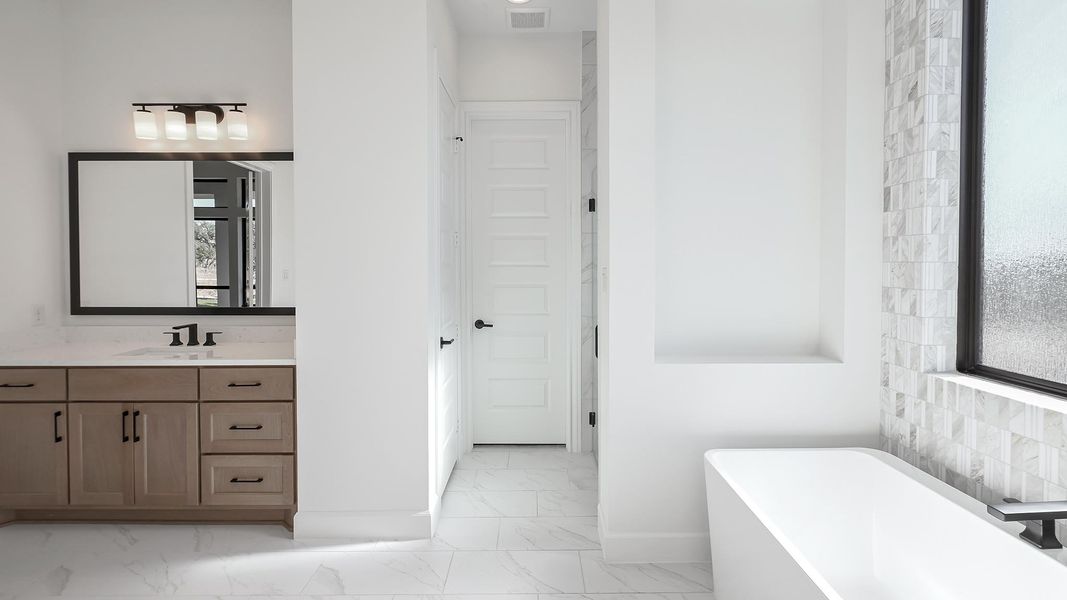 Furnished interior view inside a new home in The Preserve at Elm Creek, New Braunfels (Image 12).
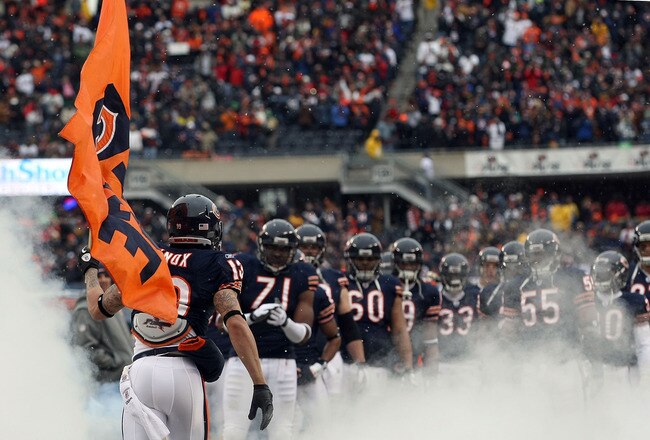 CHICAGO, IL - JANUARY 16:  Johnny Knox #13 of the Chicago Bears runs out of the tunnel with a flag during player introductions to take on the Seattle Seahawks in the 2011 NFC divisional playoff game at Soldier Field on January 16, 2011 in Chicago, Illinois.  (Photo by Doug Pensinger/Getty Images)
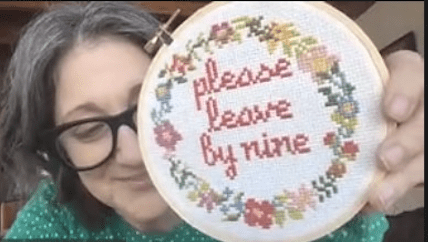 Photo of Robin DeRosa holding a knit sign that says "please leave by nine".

...

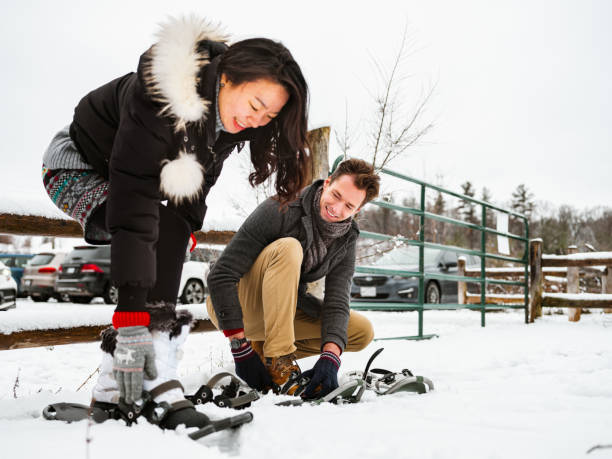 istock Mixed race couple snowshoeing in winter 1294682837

_What to do_
Reproduce, exactly and only, the lines of the records above starting at the line with "Furnished interior view" and ending at the line with "Photo of Robin", both included. Leave every picture out.

_Your solution_
 Furnished interior view inside a new home in The Preserve at Elm Creek, New Braunfels (Image 12).
 CHICAGO, IL - JANUARY 16:  Johnny Knox #13 of the Chicago Bears runs out of the tunnel with a flag during player introductions to take on the Seattle Seahawks in the 2011 NFC divisional playoff game at Soldier Field on January 16, 2011 in Chicago, Illinois.  (Photo by Doug Pensinger/Getty Images)
 Photo of Robin DeRosa holding a knit sign that says "please leave by nine".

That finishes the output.